One of the benefits of an oral tablet vaccine is the delivery of the vaccine antigen to mucosal tissues and generation of mucosal immune responses. Most human pathogens infect through mucosal surfaces such as the respiratory and gastrointestinal tracts. Therefore, the presence of mucosal antibodies, generated by B cells, confers protection from many infections. Yet, injected vaccines do not elicit responses at these locations. Upon systemic antigen exposure, such as stimulated by injected vaccines, B cells are activated into antibody-secreting cells (ASCs) or plasmablasts that can enter the circulating immune system and secrete immunoglobulin G (IgG) or immunoglobulin A (IgA) in the blood. Alternatively, if the immune stimulus occurs at a mucosal site, these ASCs can express homing receptors, such as the mucosal-homing integrin α4β7, and traffic back to mucosal tissues (Figure 1a). Mucosal-residing plasmablasts can secrete dimeric IgA that transits through mucosal surfaces such as the nasal mucosa or upper respiratory tract while acquiring the secretory component to form secretory IgA (SIgA) (Figure 1a). Dimeric IgA has been shown to be more neutralizing than monomeric IgA or IgG, likely due to its increased valency 8, 9, 10. Additionally, the presence of the secretory component on SIgA protects the antibody from proteases and degradation, thereby increasing its stability in harsh mucosal environments 11, 12. Importantly, clinical studies have shown that ASCs generated from injected vaccination predominantly upregulate the lymph node-homing marker L-selectin (CD62L), while ASCs generated from mucosal vaccination upregulate the mucosal-homing integrin α4β7 [13], indicating that correlates of protection for mucosal vaccines may be different than those traditionally used for injected vaccines. Approved mucosal vaccines show the ability to induce a nasal IgA response, such as the intranasal influenza vaccine FluMist [14], or generate circulating IgA+ ASCs shortly after vaccination, such as the bivalent oral polio vaccine (bOPV) and oral cholera (Shanchol) vaccines 15, 16. These studies indicate IgA+ ASCs are likely a correlate of protection, making it a strong potential marker for assessing vaccine efficacy for other mucosal vaccines.
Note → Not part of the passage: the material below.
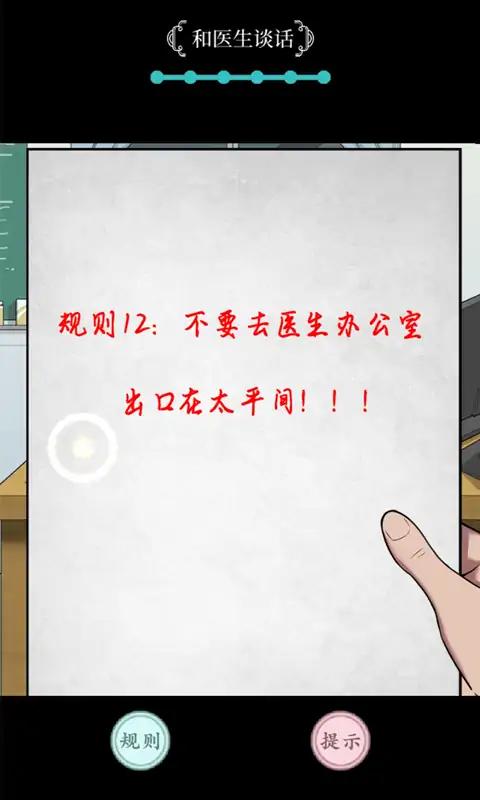 规则怪谈安卓版下载  v1.0图3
Here, we review next-generation oral recombinant vaccine solutions, with a particular focus on human and animal data that demonstrate measurable and protective mucosal immune responses. We highlight Vaxart’s oral tablet vaccination platform, which is comprised of nonreplicating oral recombinant adenovirus type-5 (rAd5) vector, designed to express the antigen of interest alongside a molecular double-stranded RNA adjuvant (Figure 1b), and is formulated into enterically coated tablets that can be self-administered and are room-temperature stable [17]. A key advantage of using a nonreplicating vaccine platform rather than an attenuated pathogen is the ability to respond quickly to a pandemic, using the exact same manufacturing process for every indication. The tableting procedure is a nonsterile process that takes less than two days and does not add significant amount of time to the overall vaccine production process [17]. In comparison, sterile-fill and finish for needle-based vaccines is subject to specialized medical-grade glass supply chain issues as observed during early COVID-19 vaccine development [18] and complicated sterility testing to ensure batch integrity. In the intestinal ileum, it is thought that rAd5 is released from the tablets and taken up by enterocytes where the antigen of interest is expressed alongside the dsRNA adjuvant to trigger innate immune signaling. This vaccine platform has been tested in several phase-I/-II clinical trials for influenza, norovirus, and SARS-CoV-2 19••, 20, 21••, 22, 23, 24, 25, 26, 27• and in preclinical animal models 28, 29, 30, 31, 32, 33, 34, 35••. In addition to being well-tolerated, highly immunogenic, and easily distributed, this mucosal vaccine may also have the capability of reducing pathogen transmission in the community.